ジョン・ヒーリー英国防相は、ウクライナ軍にクルスク州の一部を支配下に置かれたことで、ロシアのウラジーミル・プーチン大統領は「プレッシャーにさらされている」と指摘している。
恥をかかされたプーチンはロシア軍に対し、クルスク州でウクライナ軍に占領された地域を10月1日までに奪還するよう命じた。ロシア軍はそれに忠実に従い、9月11日、ウクライナ側支配地域の西の端で反撃に乗り出した。フィンランドのアナリスト、ヨニ・アスコラは「クルスク州からウクライナ軍を駆逐するためのロシア軍の反攻が本格的に始まった」とソーシャルメディアに書いている。

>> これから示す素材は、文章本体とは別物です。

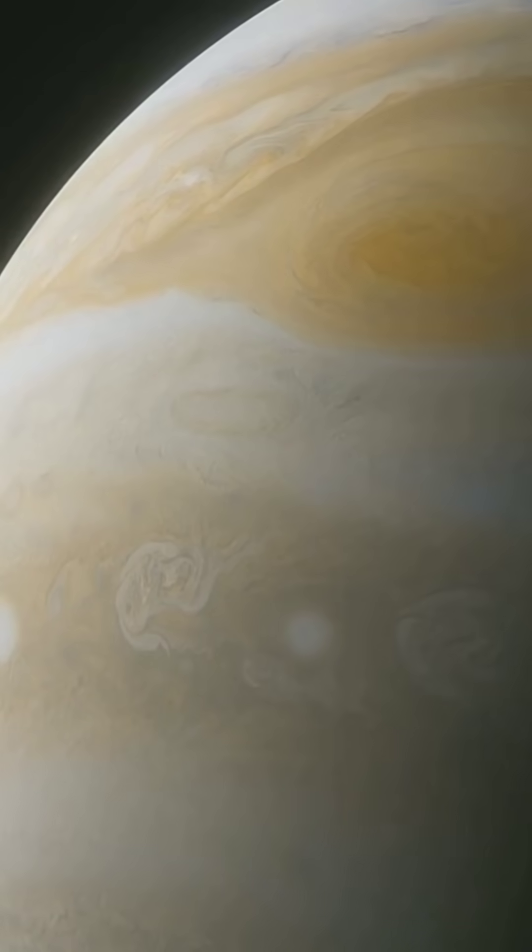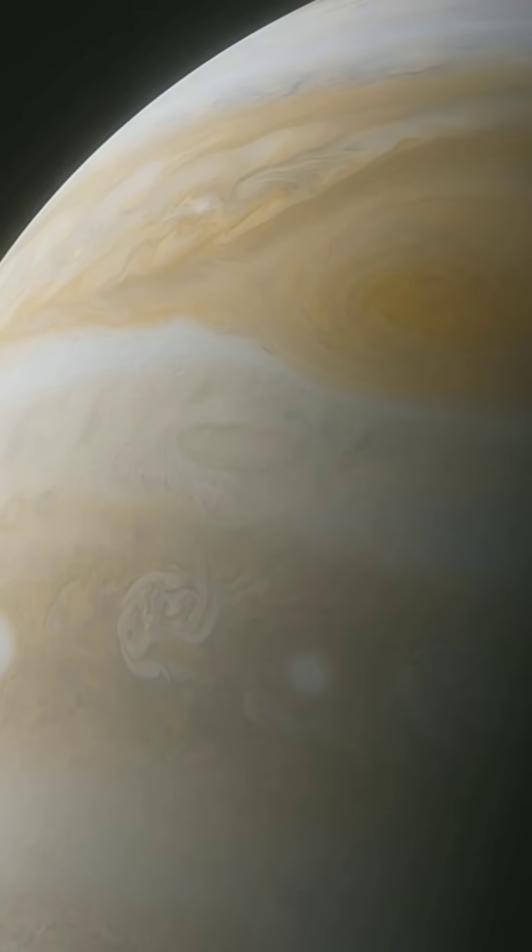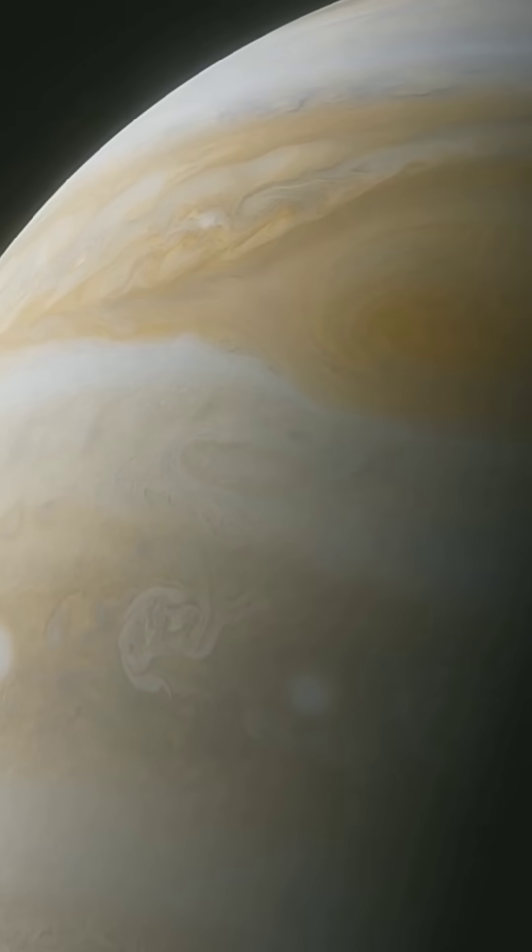Imagine a planet almost twice the size of Jupiter, orbiting its star 50 times closer than Earth does to the Sun. Meet WASP-121b.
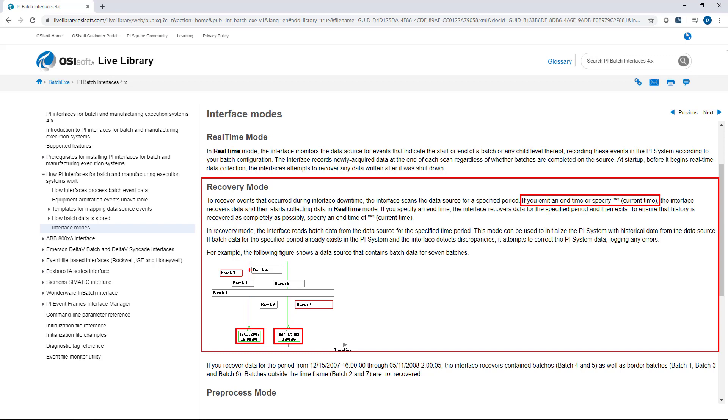For this example, obviously you're going to be recovering batch 4 and batch 5 since they're fully encompassed by the start and end time. But you will also recover batches 1, 3, and 6 because those batches at least partially overlap with the recovery time that you've specified.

ロシア軍は州内を流れるセイム川のすぐ南にあり、ウクライナとの国境から北へ12kmほど離れたスナゴスチ村を攻撃した。主力はロシア軍第51親衛空挺連隊の戦車やその他の装甲車両少なくとも8両だった。反撃開始から数時間後の時点では、村の支配がなお争われている。ウクライナの調査分析グループ、ディープステート(DeepState)は「クルスク州におけるわが軍集団の左翼の状況は悪化した」と報告している。
Sudzha area.
The RuAF are attacking the AFU positions in Snagost`
51.31167, 34.9027 pic.twitter.com/Jnxfm8AyRk — Сливочный каприз (@creamy_caprice) September 10, 2024
ロシア軍がどのようにしてスナゴスチ村に進んできたのかはよくわからない。ロシア側の支配地域からこの村へ入るルートは2つある。北西からセイム川を渡るルートと、北にあるコレネボ町から地上で南下するルートだ。今回使った可能性がより高いのは後者だろう。というのも、ウクライナ軍はこれまでに、クルスク州でセイム川に架かっていた永久橋をすべて破壊し、ロシア軍が設置した浮橋(ポンツーン・ブリッジ)もほとんど、あるいはすべて破壊しているからだ。
ウクライナにとっては、慎重な対応を要する時期に、慎重な対応を要する状況が新たに生まれたかたちになる。ウクライナ軍参謀本部は、クルスク州への越境地上攻撃を命じるという大きな危険を冒した。折しもウクライナ東部ドネツク州で、ロシア軍の強力な第2諸兵科連合軍が、複数の重要な補給線にまたがるウクライナ軍の守備拠点、ポクロウシク市に向けて着実に進軍してきているさなかにだ。